Meghan Markle i książę Harry

i

Autor: Cover Images/East News

Meghan Markle i książę Harry spędzili święta w ośrodku w Vancouver. Widziano ich na joggingu

2019-12-27 10:02

Podczas gdy wszyscy członkowie rodziny królewskiej tradycyjnie spotkali się w święta w Sandringham, Meghan Markle i książę Harry bawili się w Kanadzie. Para już wiele tygodni temu wyleciała na długi urlop, a ostatnio potwierdzono, że właśnie w Kanadzie spędzi święta. Wiadomo, który ośrodek wybrali.

Decyzja Meghan Markle i księcia Harry'ego o tym, by wyjechać na święta Bożego Narodzenia z Wielkiej Brytanii, spotkała się ze sporym zaskoczeniem i słowami krytyki. Książęta Sussexu, którzy wiosną zostali po raz pierwszy rodzicami, nie skorzystali tym razem z zaproszenia od królowej do Sandringham i wyjechali do Ameryki Północnej, gdzie spędzili już ponad miesiąc.

Część komentatorów ostro skrytykowała tę decyzję, przypominając, że królowa Elżbieta II ma już 93 lata, a jej mąż, książę Filip - 98 i mogła to być ostatnia okazja, by spędzili święta z najmłodszym prawnukiem. Wyjazd Meghan i Harry'ego najwyraźniej nie spodobał się również samej monarchini, która nie umieściła ich zdjęcia na biurku, przy którym usiadła, nagrywając życzenia dla poddanych.

Sonda
Myślisz, że Meghan jest szczęśliwa jako księżna?

Meghan Markle i książę Harry w Vancouver

Tymczasem ostatnie dni Meghan Markle i książę Harry spędzili w Vancouver. Książęcą parę widziano w prywatnym ośrodku Deep Cove Chalet, a ich obecność potwierdzili właściciele obiektu.

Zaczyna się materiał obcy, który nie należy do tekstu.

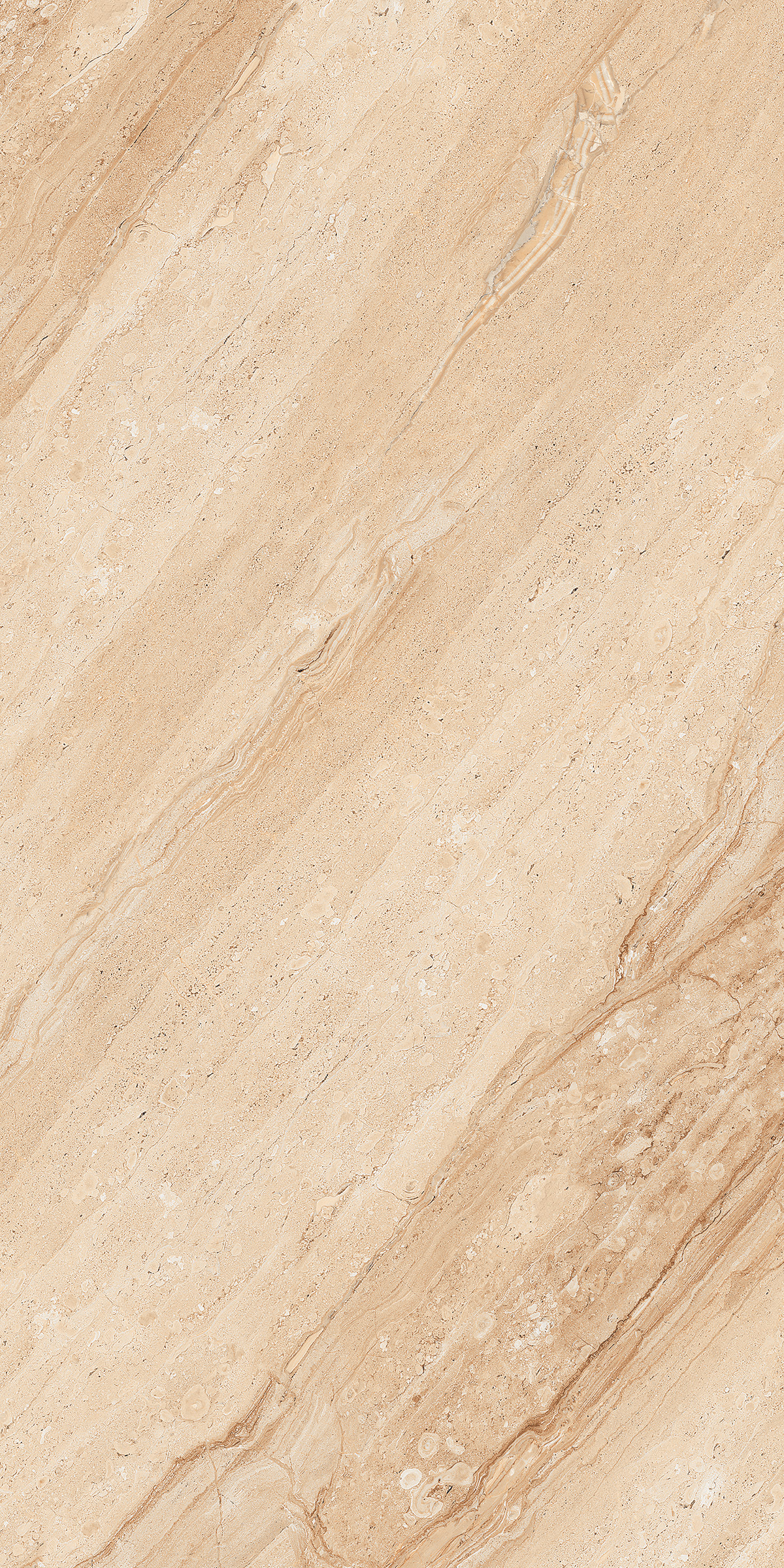 Dahino Delia 800x1600mm Glossy Porcelain Tile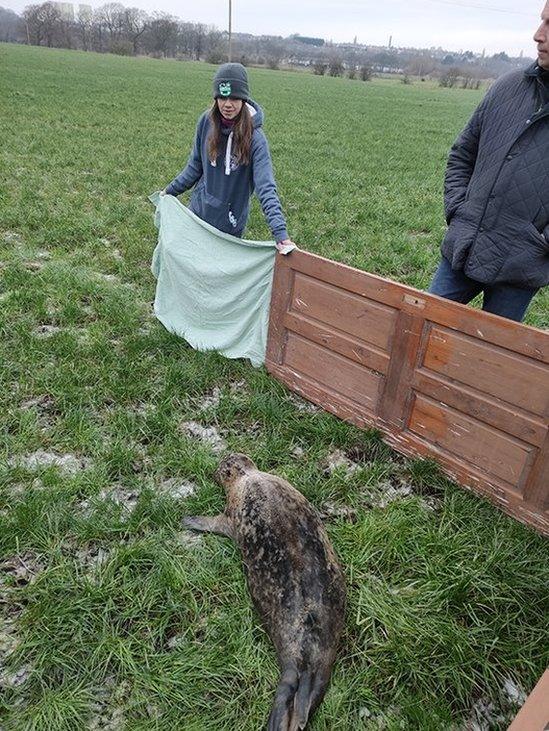 Volunteers with the seal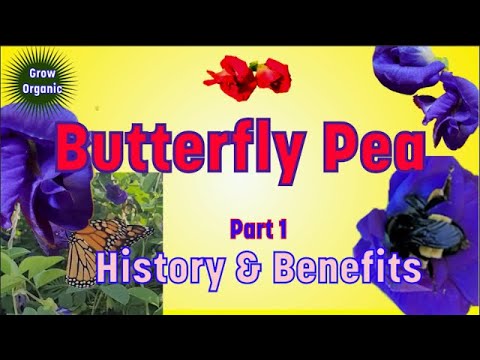 Butterfly Pea Plant- Blue- Double Flowers- Clitoria ternatae - 1 gallon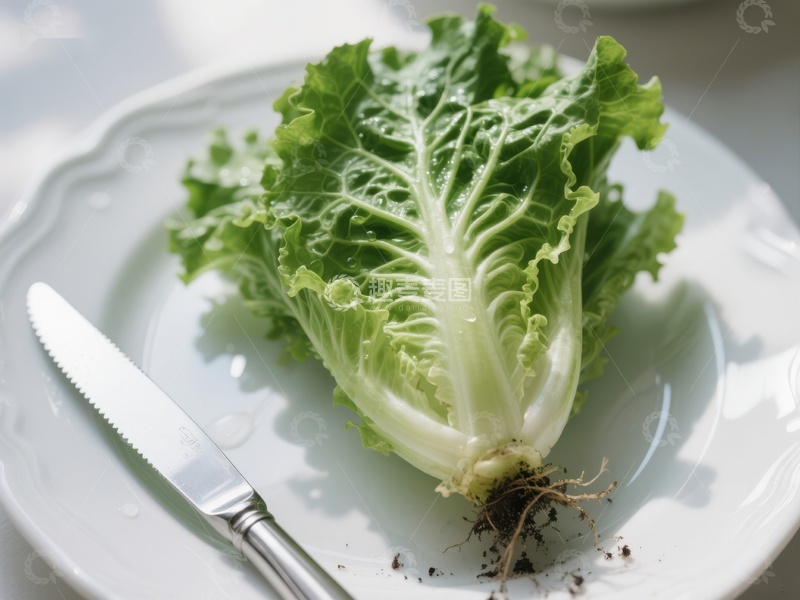 高清大图下载【趣麦麦图】新鲜生菜置于白色盘中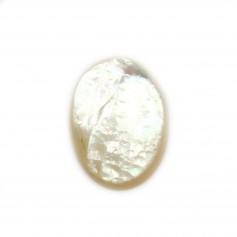 Oval Cabochon 15x20 mm White Mother of Pearl x 1pc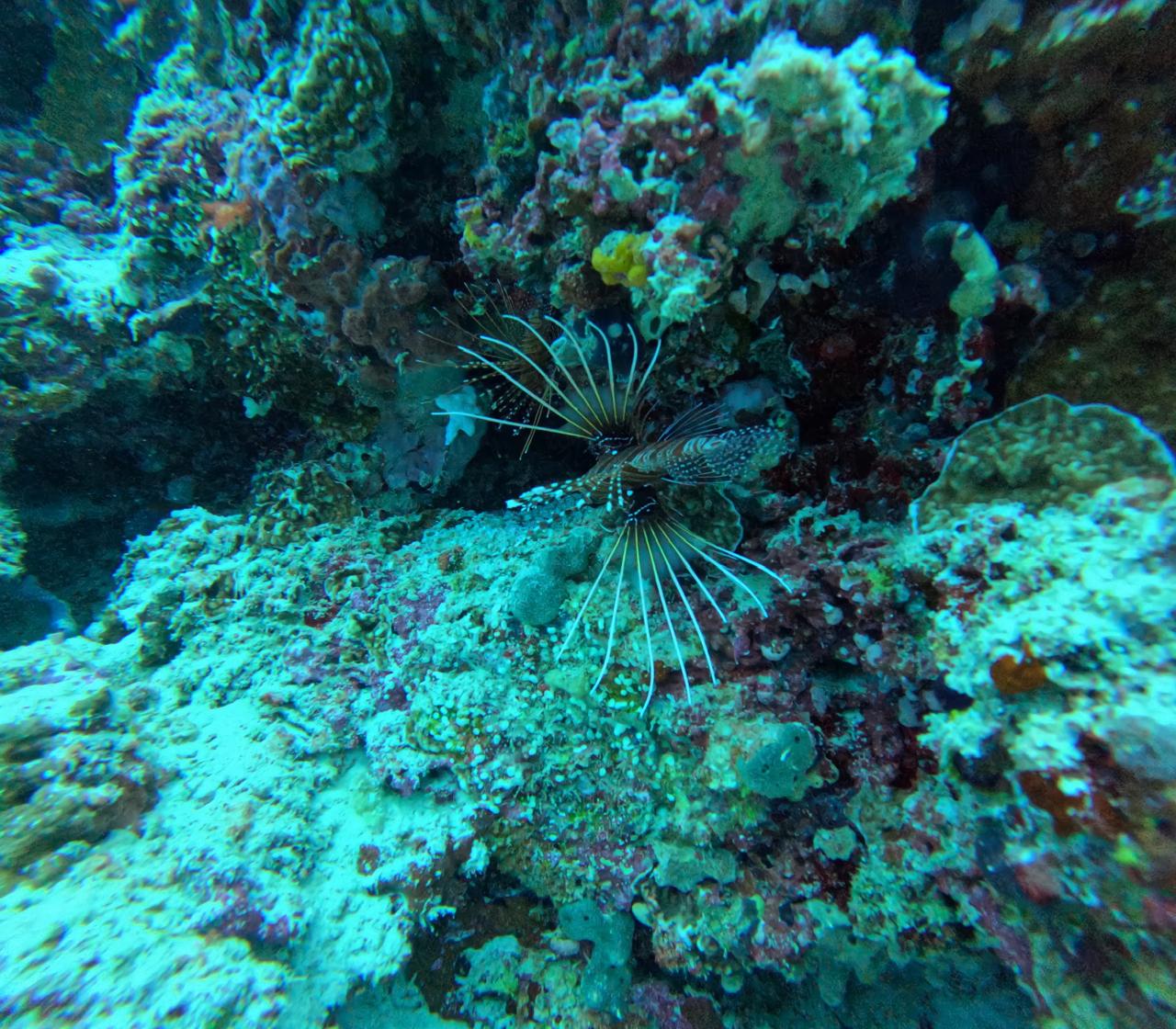 Drawn to the Deep- My Journey into the Ocean-SaltWaterStories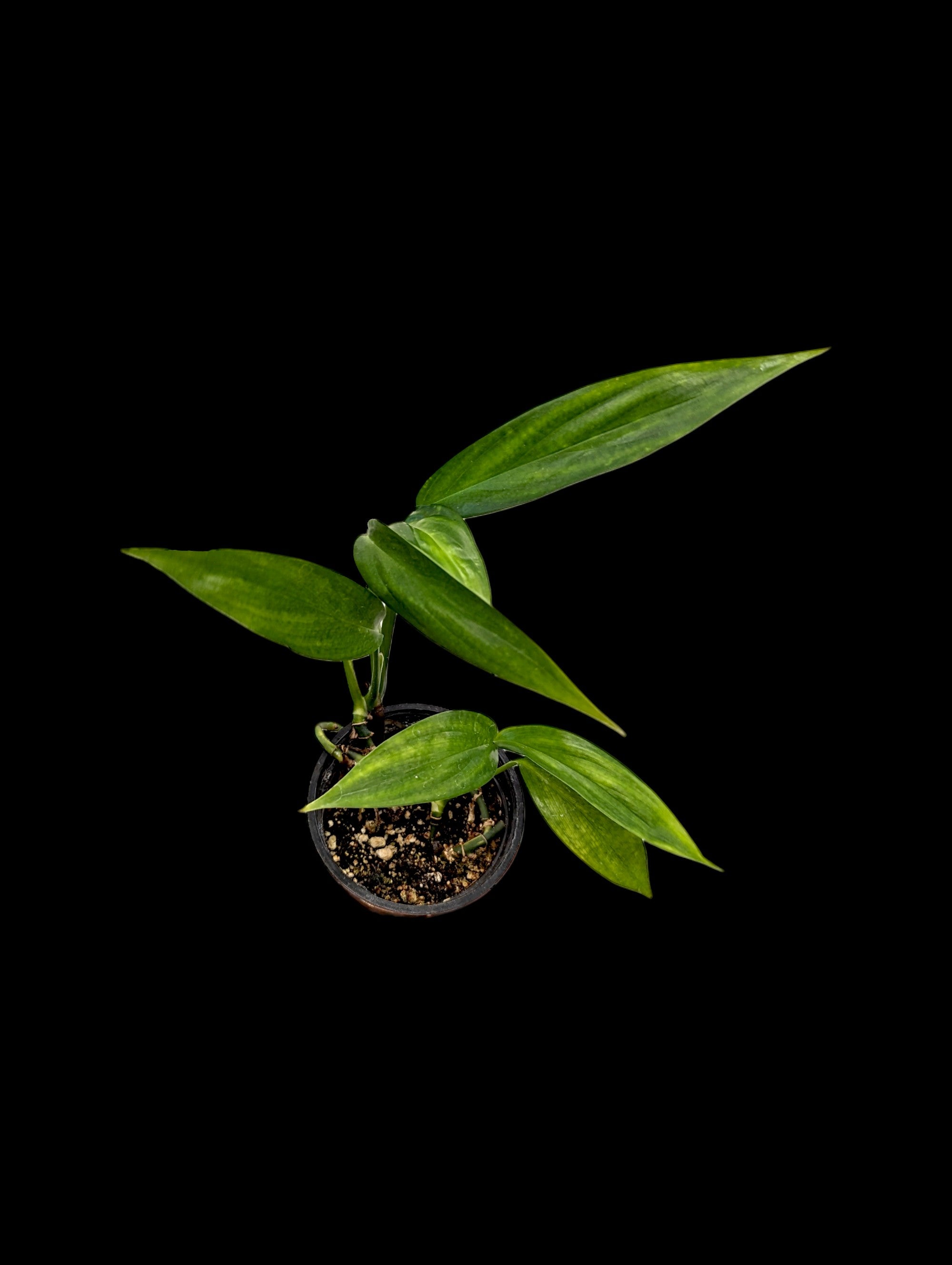 Epipremnum amplissimum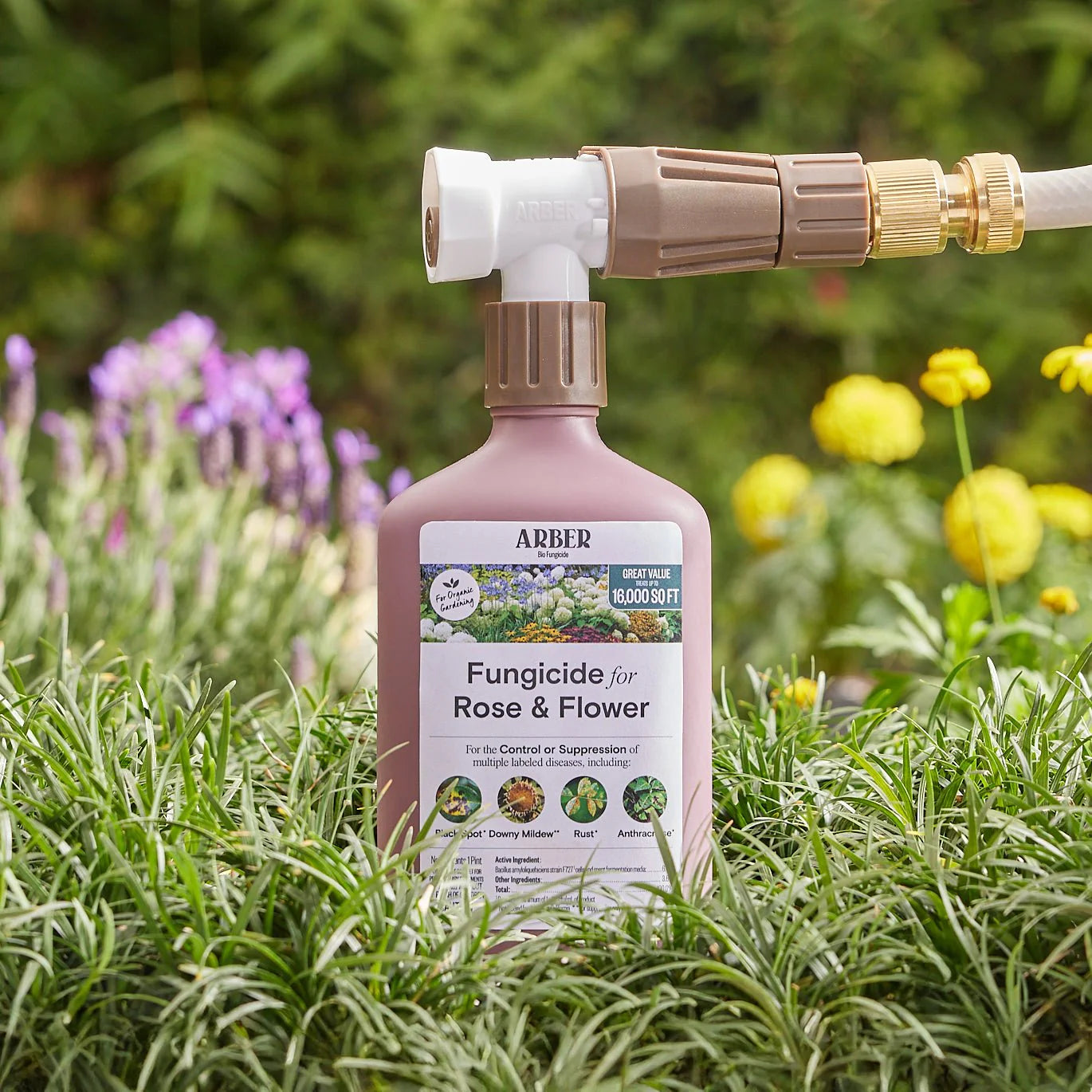 ARBER Organic Fungicide for Rose & Flower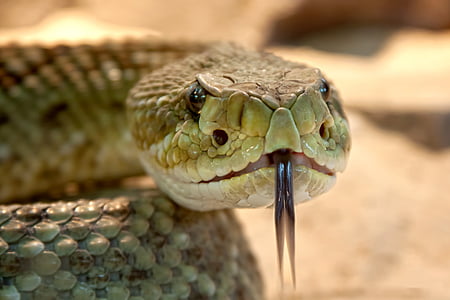 Rattlesnake, giftig, slange, farlig, terrarium, Viper, risiko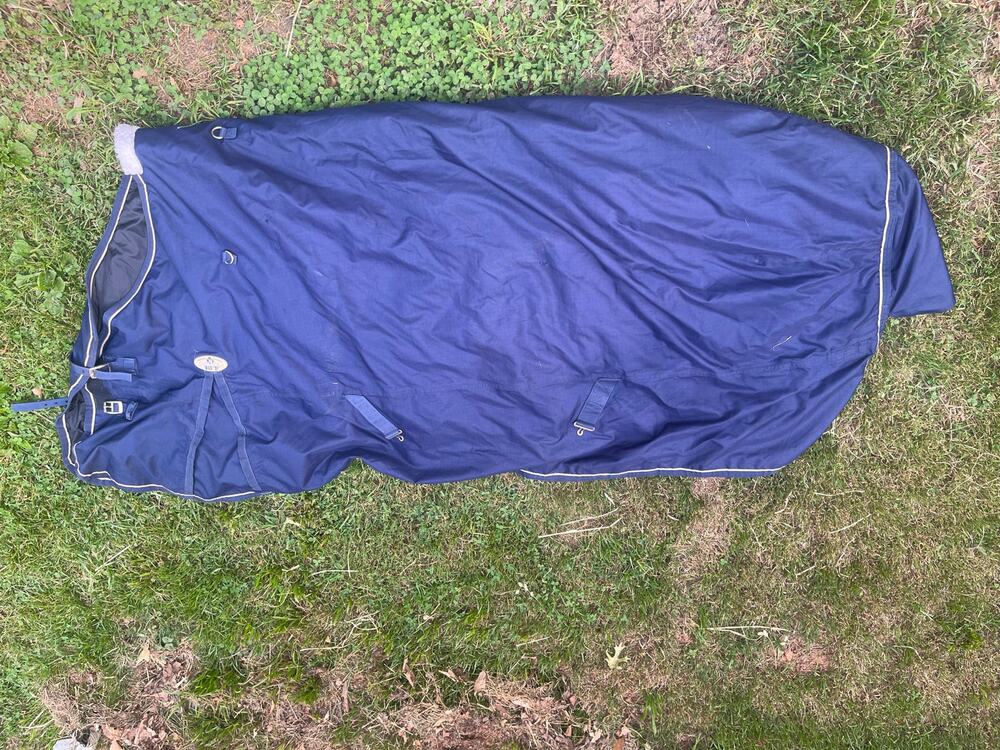 Sussex Big “D” Size 84 Mediumweight Horse Winter Blanket
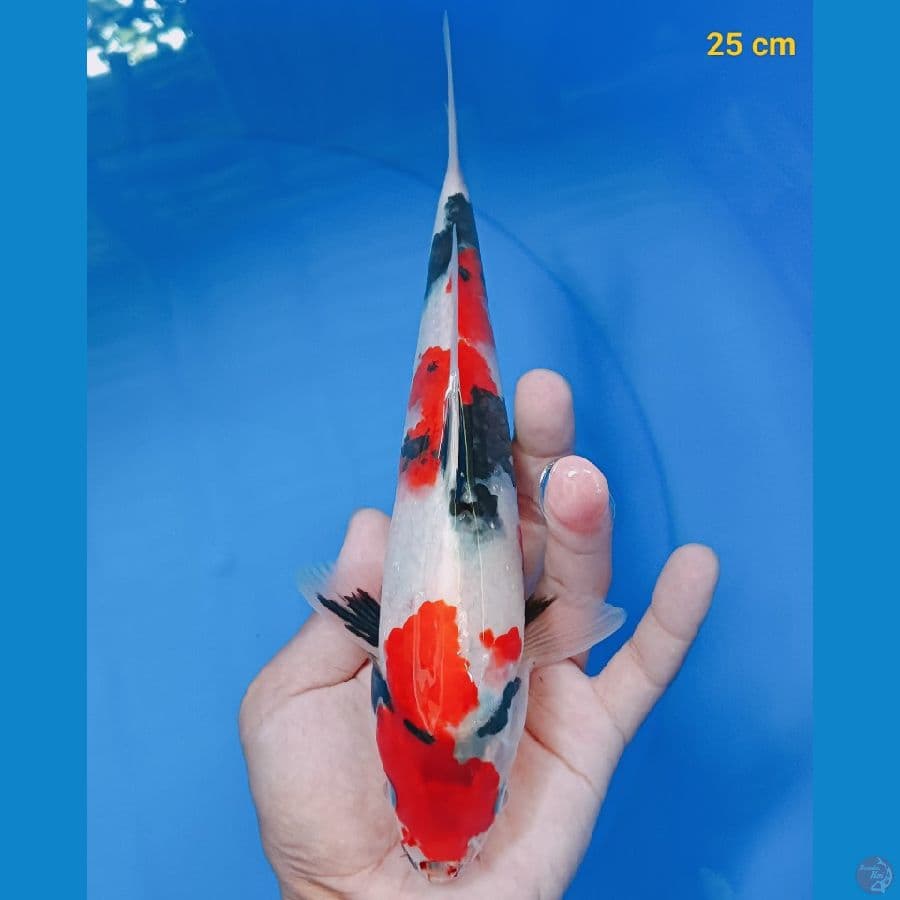 SQ showa male 25 cm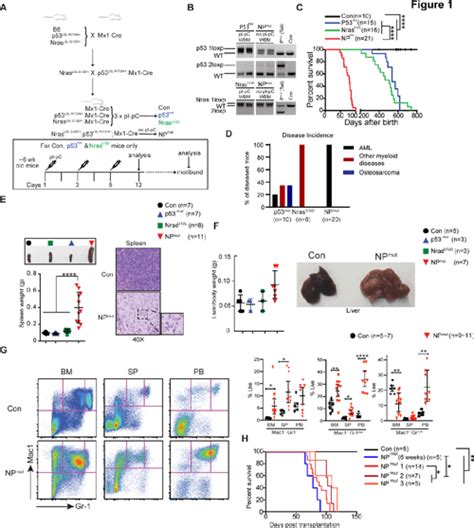 Pdf A Gain Of Function P Mutant Synergizes With Oncogenic Nras To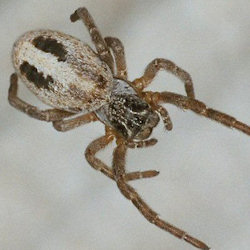Stegodyphus lineatus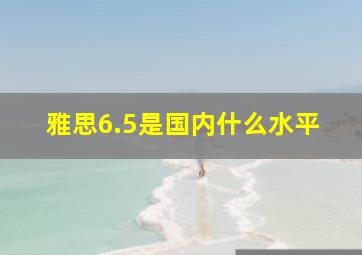 雅思6.5是国内什么水平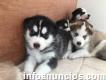 Hermosos cachorros de husky siberiano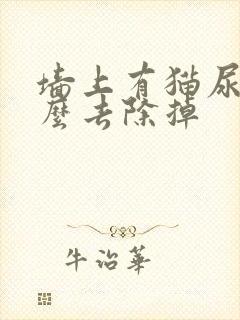 墙上有猫尿味怎么去除掉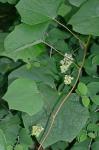 Menispermum canadense L.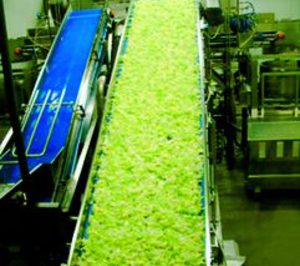 Una ingeniería ejecutará una planta de biogás en una empresa agroindustrial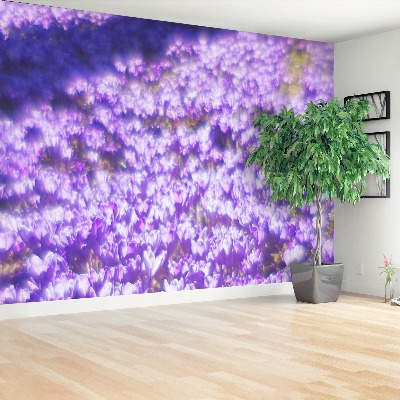 Wallpaper Violet flowers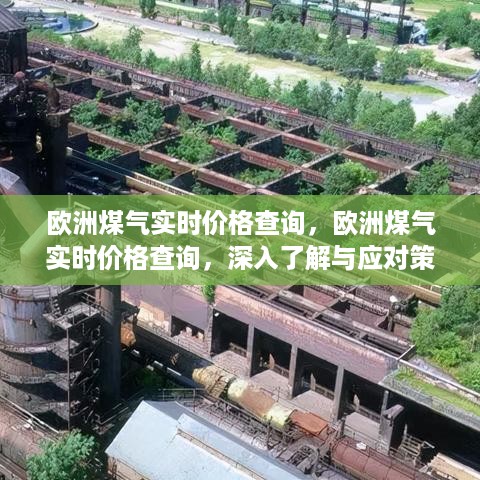 衣不兼采 第3页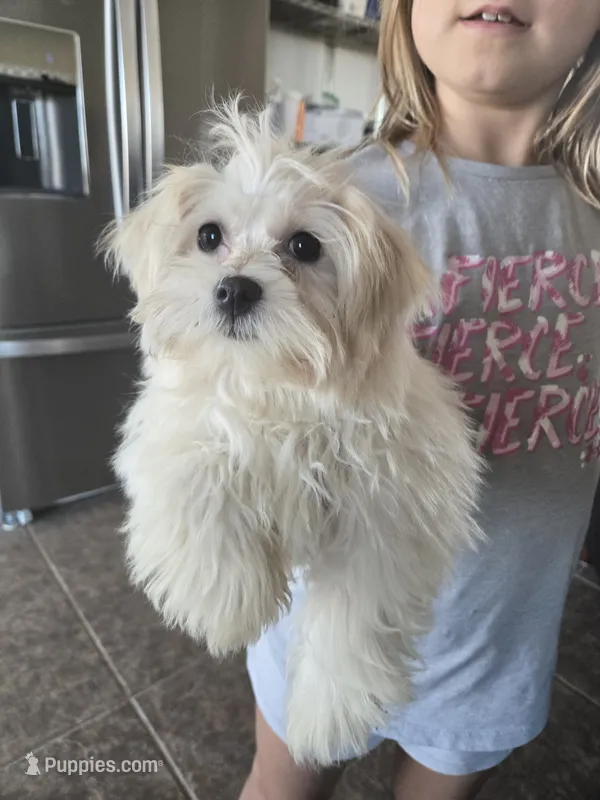 AKC Rosalie Ready Now!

Horth Hill stało się teraz bardzo popularnym miejscem. A oni biegają, więc ich widziano. To trochę ekscytujące. Mam nadzieję, że wszystko u nich dobrze. Odrywają się od tradycji i życzę im wszystkiego najlepszego.

- zdradził współwłaściciel ośrodka, Bev Koffel. Co ciekawe, nikt nie wspomina o obecności Dorii Ragland, która miała - według planów - spędzić święta z Sussexami.

Jak dotąd Pałac Buckingham nie zdradził planów Meghan Markle i księcia Harry'ego na Sylwestra i Nowy Rok. Wszystko wskazuje jednak na to, że przed styczniem para nie wróci do Wielkiej Brytanii.